Problem to work on =>
Take nothing but the lines from the one with "在飛比找蝦皮購物優惠-錫粉 4g入 （金繕 金繼 金蒔繪 純錫粉）【金箔屋】" through the one with "成人TIKTOK在线观看10吨四柱型油压机非标" in the entries below, both ends kept, and return them exactly with pictures left out.

Source material =>
=======

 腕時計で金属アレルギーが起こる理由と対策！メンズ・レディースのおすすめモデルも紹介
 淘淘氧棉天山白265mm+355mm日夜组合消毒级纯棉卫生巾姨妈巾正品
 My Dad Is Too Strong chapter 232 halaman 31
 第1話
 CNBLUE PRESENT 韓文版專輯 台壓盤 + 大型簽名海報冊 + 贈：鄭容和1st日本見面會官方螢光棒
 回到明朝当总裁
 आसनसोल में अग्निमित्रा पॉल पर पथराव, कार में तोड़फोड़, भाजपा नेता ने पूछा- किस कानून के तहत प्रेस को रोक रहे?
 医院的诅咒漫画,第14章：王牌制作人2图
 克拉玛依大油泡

=======

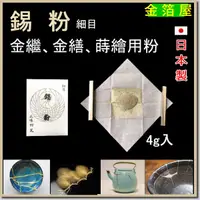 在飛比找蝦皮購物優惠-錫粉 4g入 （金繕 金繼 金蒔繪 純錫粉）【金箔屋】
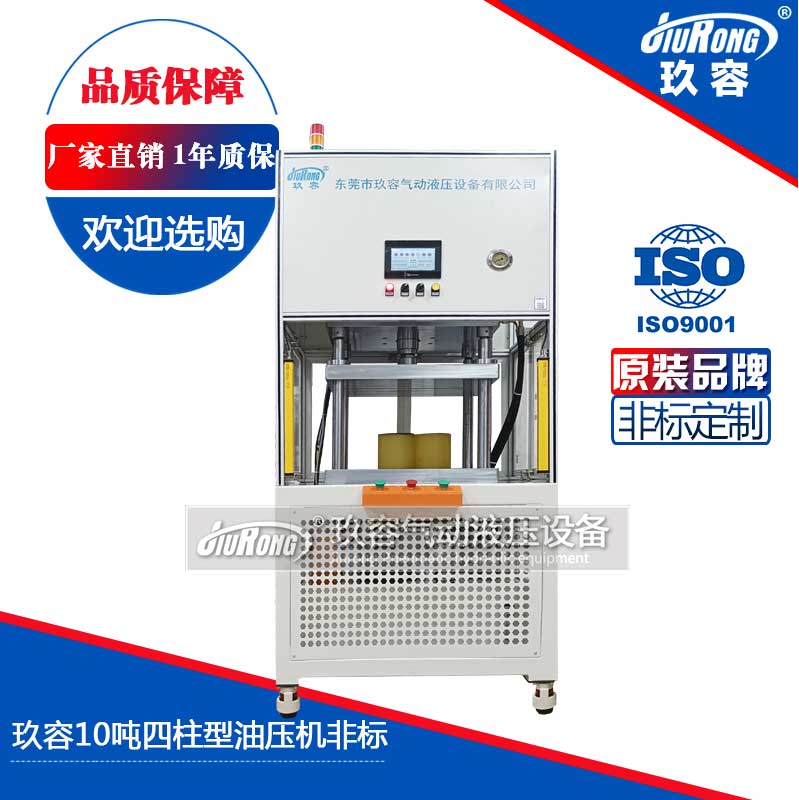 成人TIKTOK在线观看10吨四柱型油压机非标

=======

Answer box =>
 在飛比找蝦皮購物優惠-錫粉 4g入 （金繕 金繼 金蒔繪 純錫粉）【金箔屋】
 成人TIKTOK在线观看10吨四柱型油压机非标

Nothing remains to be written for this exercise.